Estonia Calms Fears of Crypto Crackdown

Estonia Calms Fears of Crypto Crackdown

The Estonian Ministry of Finance has issued a statement and FAQ to calm fears of a crackdown on cryptocurrencies within the country.

The statement refers to draft legislation introduced by the Estonian government on Dec 23 that aims to “more effectively regulate virtual asset service providers (VASPs) to mitigate the risk of financial crime.” It stresses that the regulation only applies to VASPs, and does not preclude individuals from owning or trading virtual assets through their own private wallets. 

“However, accounts opened with Estonian VASPs cannot be anonymous and Estonian VASPs cannot offer anonymous accounts or wallets,” the statement explains.

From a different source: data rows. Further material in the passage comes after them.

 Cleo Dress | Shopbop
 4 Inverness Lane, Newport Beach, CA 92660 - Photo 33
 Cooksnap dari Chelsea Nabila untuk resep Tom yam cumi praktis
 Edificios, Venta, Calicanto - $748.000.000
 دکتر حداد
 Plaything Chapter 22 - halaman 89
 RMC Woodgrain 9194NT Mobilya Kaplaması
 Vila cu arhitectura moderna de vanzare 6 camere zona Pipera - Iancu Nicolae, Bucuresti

Accordingly, VASPs must identify customers for whom they facilitate transactions, “similarly to bank transfers,” and must implement risk analysis if such information is not received. The legislation is currently pending and awaits approval from the country’s Parliament.

Crypto landscape in Estonia

Estonia saw a surge in crypto-related businesses after becoming one of the first countries to grant cryptocurrency licenses in 2017. However, roughly 2,000 licenses have been revoked since then, with only around 400 companies retaining them, following the sector coming under greater regulatory scrutiny in 2019. This was caused by allegations that billions of dollars of illicit funds had passed through the local unit of ​​Denmark’s largest bank in 2018. 

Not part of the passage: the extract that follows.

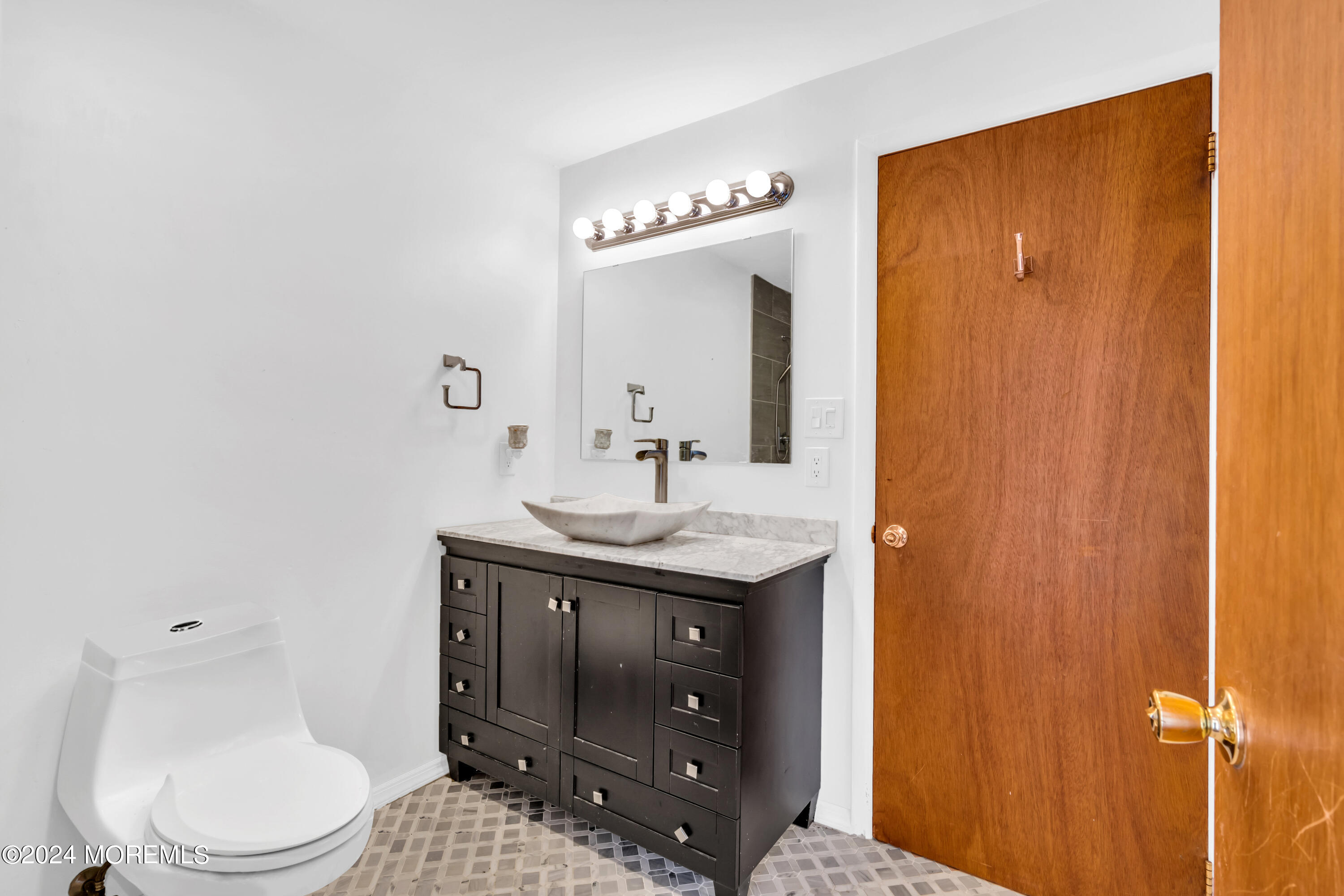 145 Woods Road Hightstown, NJ 08520 - Photo 39 of 64 041_ey203281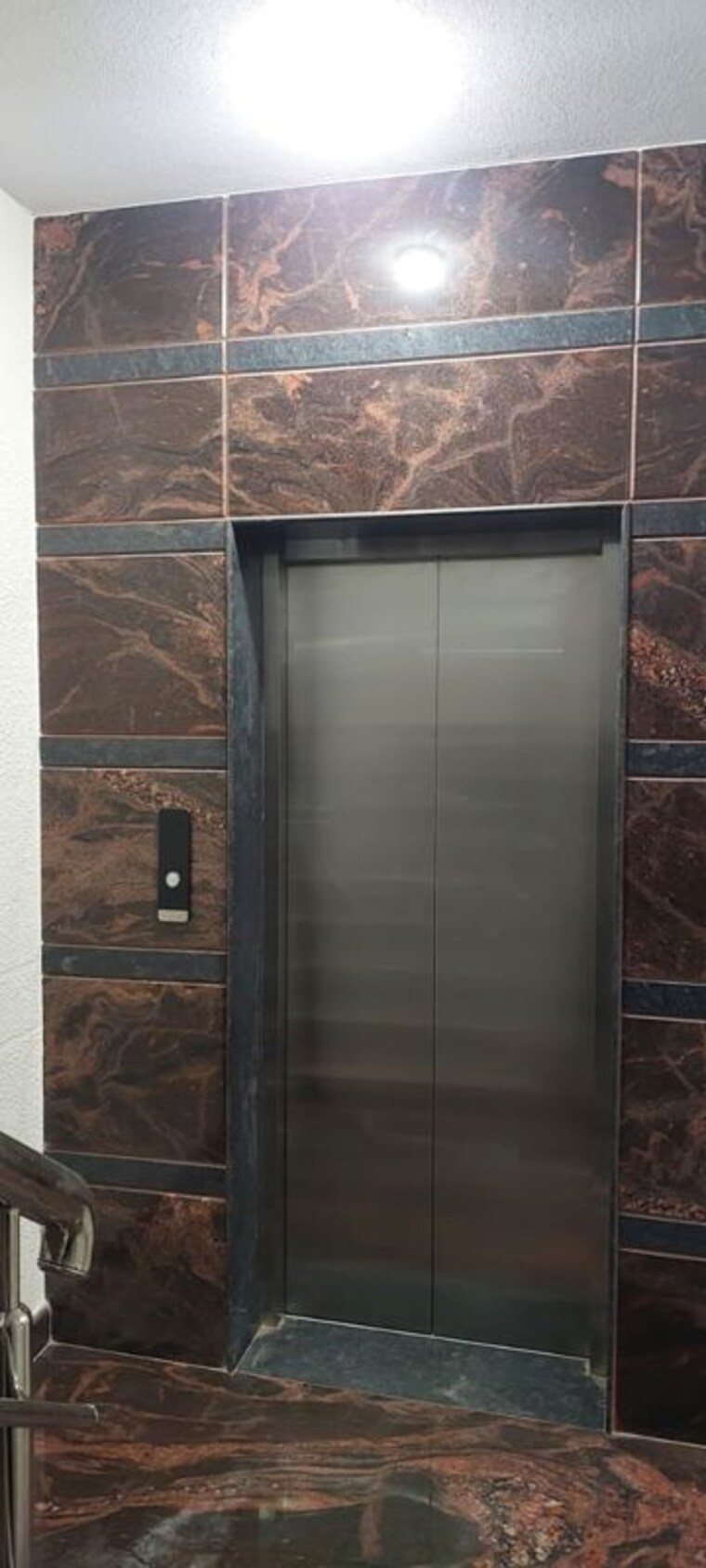 Bathroom, kanakapura 5 Bedroom 1200 Sq.Ft. Independent House In Kanakapura Bangalore 10784984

The new regulations have come in anticipation of the country’s review of its money laundering policies expected this quarter, in line with similar actions by the Council of Europe. In light of the upcoming review, Matis Maeker, the director of Estonia’s Financial Intelligence Unit (FIU), which can grant and revoke crypto licenses, had previously stated that all licenses would be rescinded, which would require companies to reapply across the board. However, his spokesman later clarified that this was not the official view of the EU and the Estonian government would not be pursuing this course of action.